Records excerpted from a collection
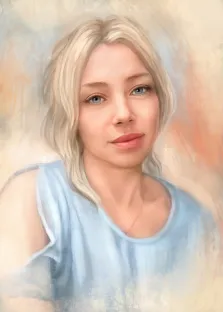 Портрет девушки блондинки с голубыми глазами на абстрактном светлом фоне в стиле Под масло, художник Анастасия 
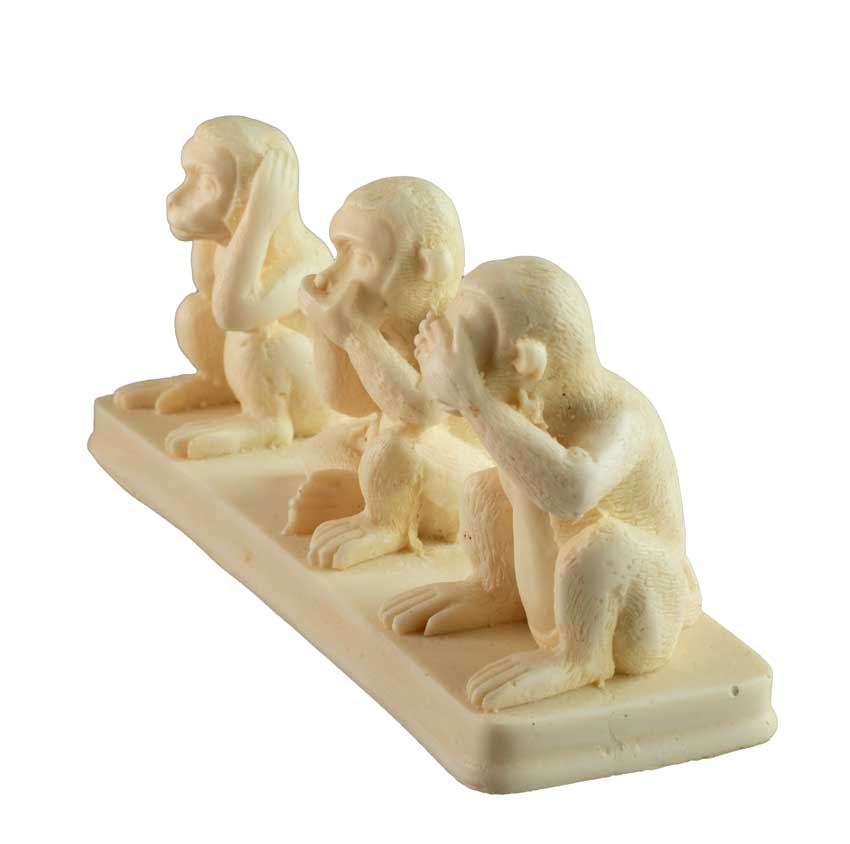 Statuette 3 Singes De La Sagesse En Résine – Artisanat Népalais
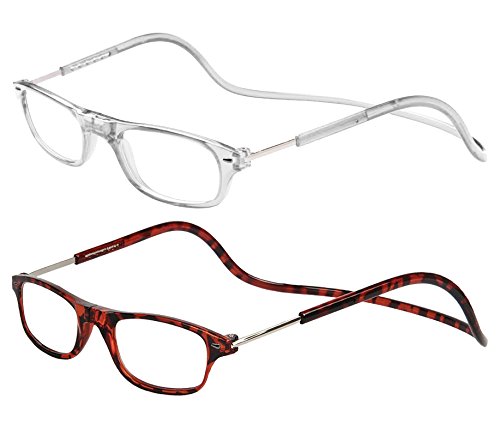 TBOC Pack: Lunettes de Lecture – (Deux Unités) Dioptrie +3.50 Monture Transparent et Marron Écaille Femme Homme Aimant Fermeture Régable Magnetique
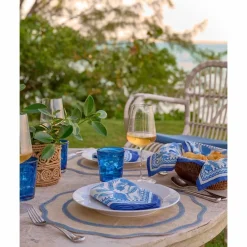 Pomegranate Inc Blue Scalloped Edge Natural Fiber Placemats | Set 4 Best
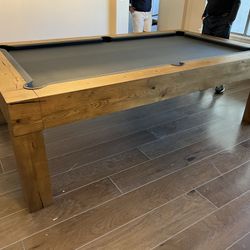 8’  Parsons White Oak Pool Table Restoration Hardware Model  Limited Time Special, Finance It At $325 A Month 
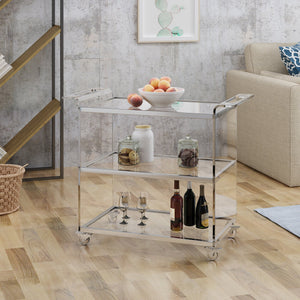 English Elm Bar Cart Acrylic Two Tier Rolling Shelf for Glam Minimalist Entertaining Spaces 62131.00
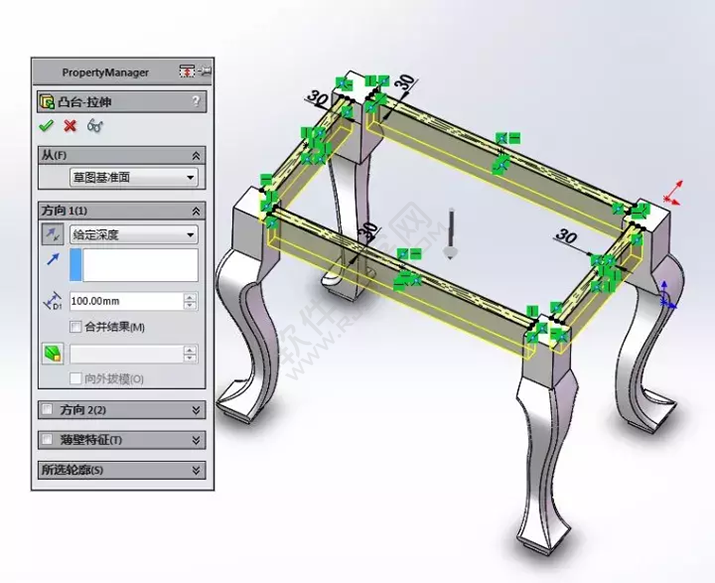 solidWorks建模练习拉伸切除一张桌子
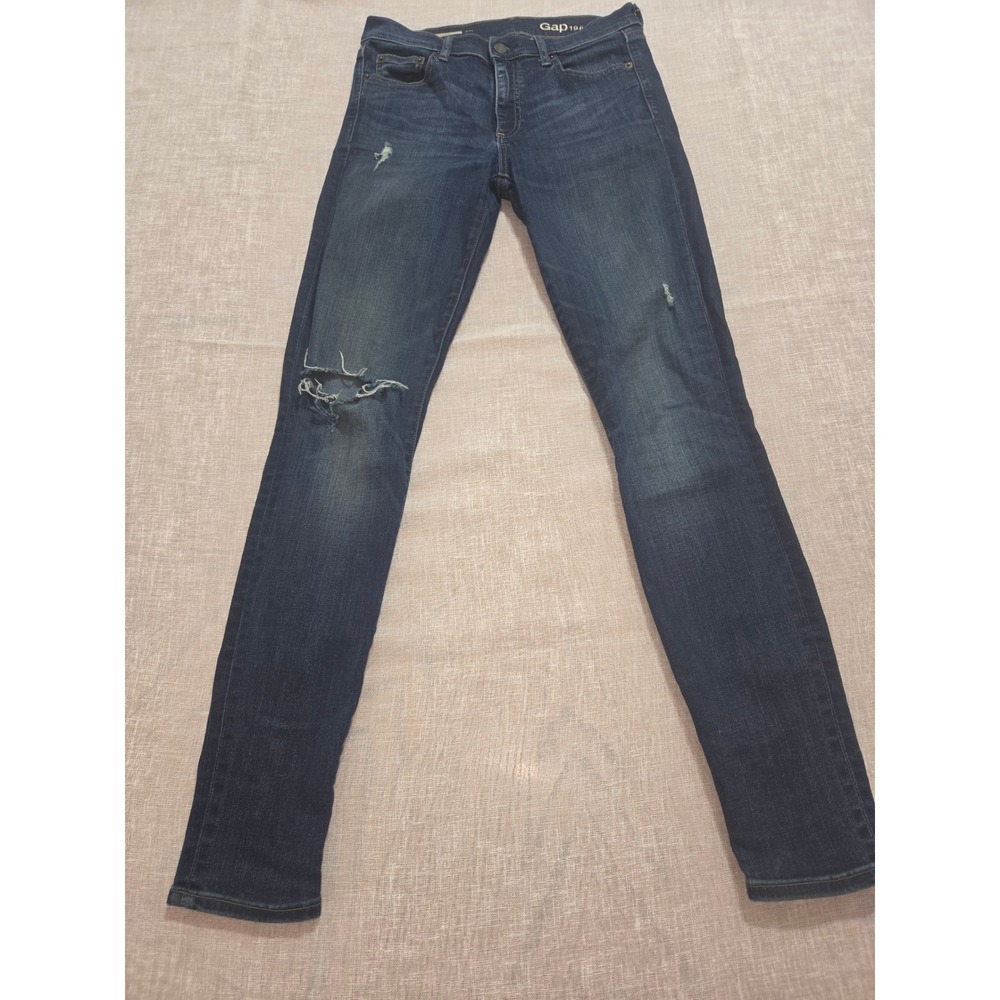 Gap 1969 Resolution True Skinny Jeans Dark Wash Distressed Ripped 27r Womens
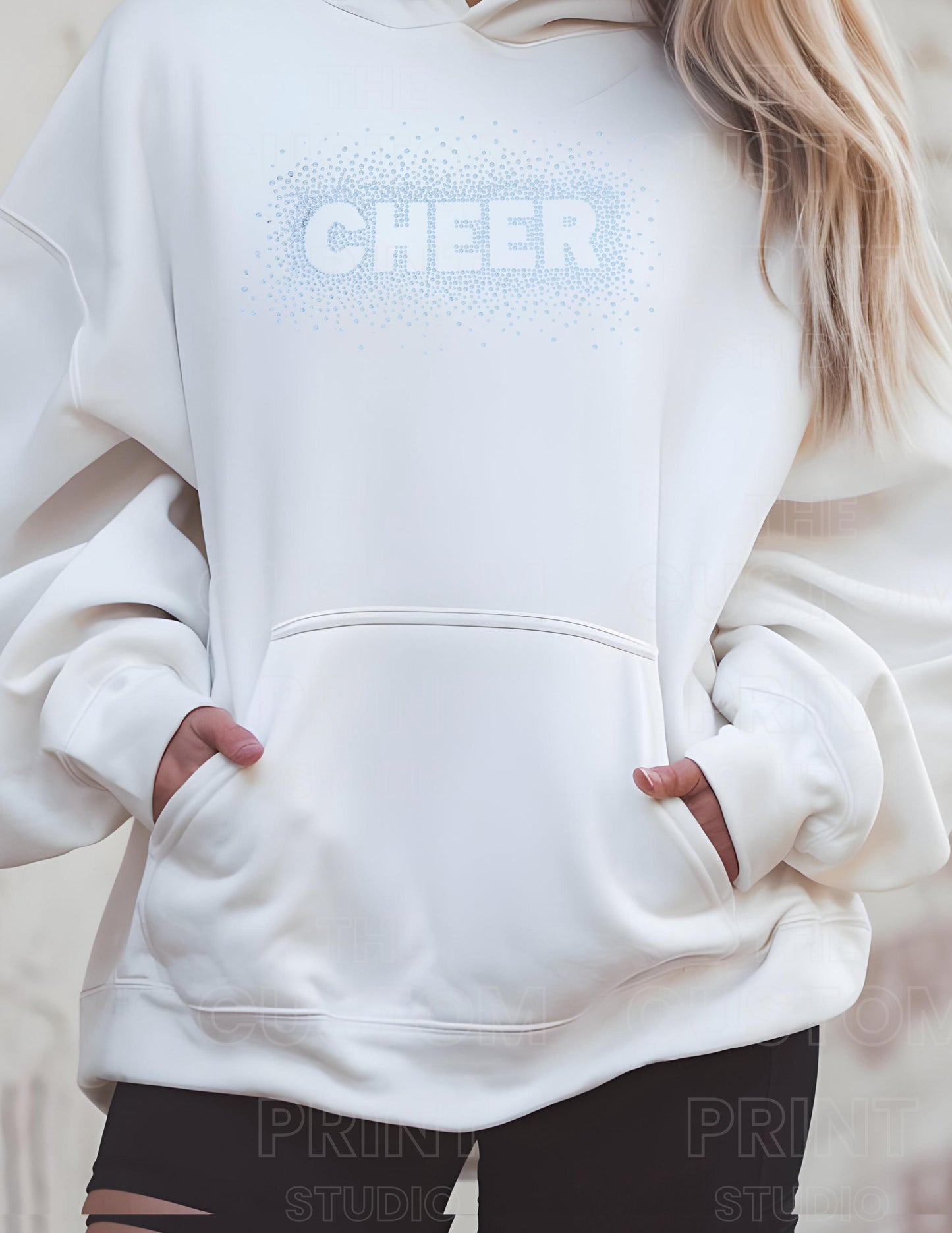 Cheer Rhinestone Hoodie – Sparkly Cheerleading Gift, Spirit Squad Apparel, Gift for Her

§ **To do**
Only the line with "Pomegranate Inc Blue" and those preceding it, back to the first line of the entries, should be repeated exactly, without pictures.

§ **Task output**
 Портрет девушки блондинки с голубыми глазами на абстрактном светлом фоне в стиле Под масло, художник Анастасия 
 Statuette 3 Singes De La Sagesse En Résine – Artisanat Népalais
 TBOC Pack: Lunettes de Lecture – (Deux Unités) Dioptrie +3.50 Monture Transparent et Marron Écaille Femme Homme Aimant Fermeture Régable Magnetique
 Pomegranate Inc Blue Scalloped Edge Natural Fiber Placemats | Set 4 Best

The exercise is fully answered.